– Я пытался обчистить его карманы.
– Серьезно? – Она испуганно распахнула глаза.
– Серьезнее не бывает. Мне было двенадцать. Я жил на улице уже около года. Выживал в основном за счет своего ума, воровства, карманных краж, иногда удавалось найти случайную подработку. Иногда ночевал в приюте. В зимний период мы жили в заброшенных многоквартирных домах.
Она вздрогнула в его объятиях.
– Я не могу себе все это представить.
– Но это лучше, чем находиться в приюте, поверь. На улице я сам контролировал свою жизнь. В приюте некоторые монахини были добры к нам, другие же получали удовольствие от того, что наказывали, причиняли боль. Я ненавидел приют.
Эмма прижалась покрепче и рассеянно погладила Лоренцо по руке.
– Когда мне было двенадцать, я встретил Бертрано. Ему было за сорок, уже тогда он был успешным бизнесменом. Я помню, каким мягким на ощупь было его кашемировое пальто.
– И что случилось? Он поймал тебя?
– Да, хотя надо сказать, я был хорошим карманником. Он схватил меня за шиворот и начал трясти. Сказал, что отведет в полицию и что я закончу свои дни в тюрьме, если… – Лоренцо замолчал. Благодаря Бертрано он и оказался в тюрьме… Даже сейчас он чувствовал боль.

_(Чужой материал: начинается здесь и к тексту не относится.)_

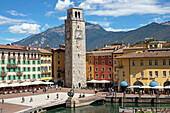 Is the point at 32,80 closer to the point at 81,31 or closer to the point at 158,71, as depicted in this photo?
the point at 81,31

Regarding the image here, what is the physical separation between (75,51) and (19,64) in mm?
19429

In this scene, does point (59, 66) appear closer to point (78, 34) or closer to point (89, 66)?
point (89, 66)

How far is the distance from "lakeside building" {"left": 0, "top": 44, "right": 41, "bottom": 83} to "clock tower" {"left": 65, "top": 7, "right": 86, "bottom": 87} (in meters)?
10.2

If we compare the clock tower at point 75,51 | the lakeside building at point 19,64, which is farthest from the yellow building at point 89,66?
the lakeside building at point 19,64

– Если ты не прекратишь воровать? – Ее голос вернул его из воспоминаний.
– Да. Я убежал. Но на следующий день он нашел меня и купил мне еды. Так продолжалось в течение нескольких месяцев. Я относился к нему с подозрением, но думаю, он просто был одинок. Он потерял жену и сына в автокатастрофе, а больше у него никого не было.
– И у тебя не было семьи.
– Да.
– Так что же случилось потом? – спросила Эмма, и Лоренцо заставил себя продолжить:
– Он предложил отправить меня в школу-интернат. Он хотел, чтобы я занялся собой. Поначалу мне это не нравилось. Но когда одного из моих друзей, ему было десять, убили в переулке, я задумался. Так я оказался в школе недалеко от Рима. Сначала ко мне относились не очень хорошо, но меня это мало волновало. У меня была теплая одежда, еда и постель. И мне нравилось учиться.
– Должно быть, это было для тебя как новый мир.
– Это так. Потом я получил стипендию на обучение в университете, а когда закончил, Бертрано предложил мне работать на него. Когда мне было двадцать пять, он исправил название фирмы на «Рагусо и Кавелли интерпрайз». А когда мне исполнилось тридцать, он изменил его на «Кавелли интерпрайз», сказав, что хочет завещать мне свое дело, потому что я так много и усердно работал.
– Он любил тебя, – тихо сказала Эмма.
– И я любил его. И поэтому мне так трудно принять то, что он сделал.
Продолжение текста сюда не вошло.